In the heart of South Africa’s bustling urban landscape, a silent but potent threat is seeping through its water systems, carried not by whole bacteria, but by fragments of genetic material that survive traditional wastewater treatments. Recent groundbreaking research led by Stellenbosch University reveals that extracellular DNA (exDNA) — genetic remnants released from bacteria killed during wastewater treatment — may play a pivotal role in harboring and spreading antimicrobial resistance genes. These findings challenge long-held assumptions about the effectiveness of wastewater treatment plants (WWTPs) and raise urgent concerns about the persistence and transmission of antibiotic resistance in the environment.

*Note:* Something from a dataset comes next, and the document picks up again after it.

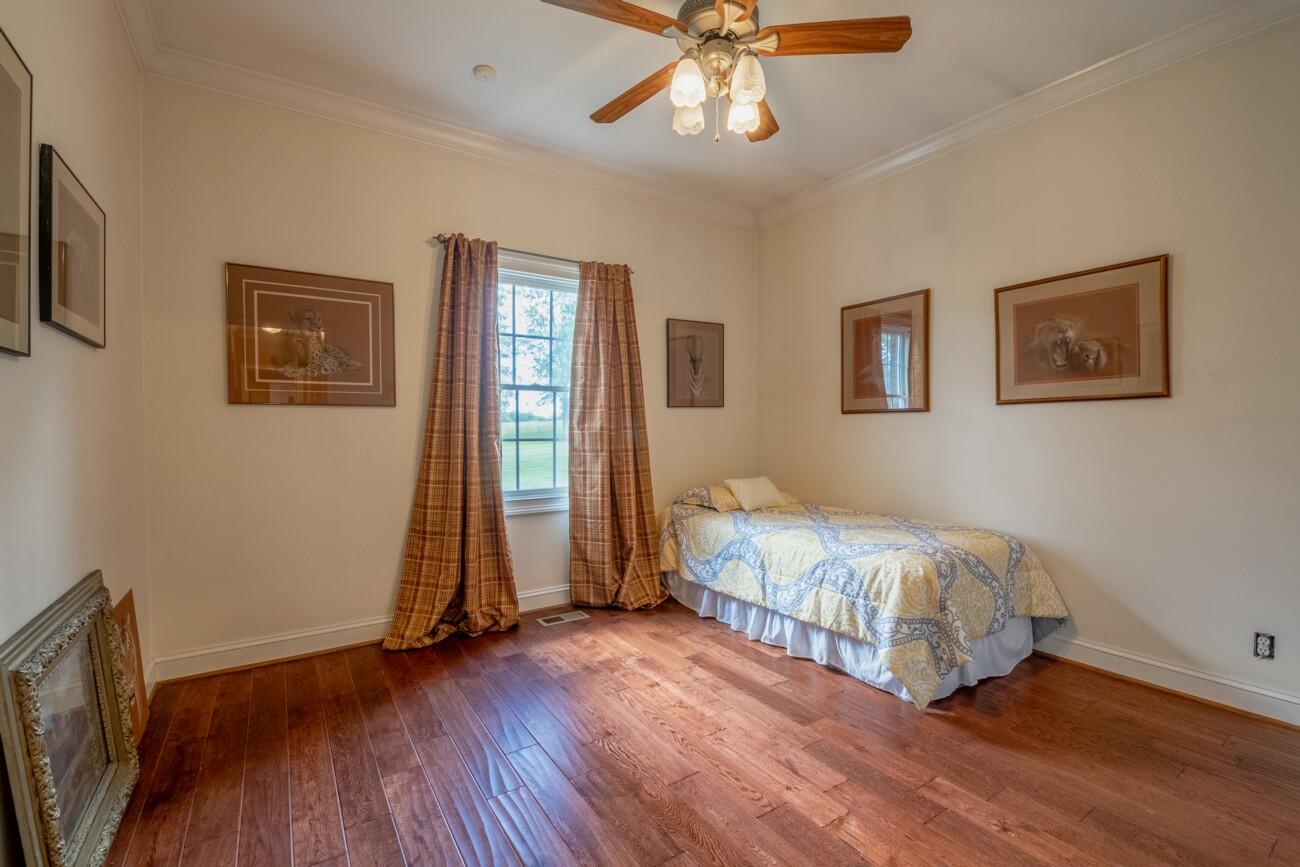 272 Fairview Road Northwest Calhoun, GA 30701 - Photo 44 of 85 Fairview Rd (44)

Antimicrobial resistance (AMR) is a looming global health crisis, threatening to render current antibiotics useless against common infections. AMR arises when bacteria evolve mechanisms to withstand antimicrobial drugs, complicating treatments and amplifying the risk of fatal infections. Alarmingly, projections indicate that if unchecked, AMR could claim up to 10 million lives annually by 2050. While much focus has been placed on clinical settings, the environmental reservoirs of AMR, especially in urban water systems, remain critically understudied.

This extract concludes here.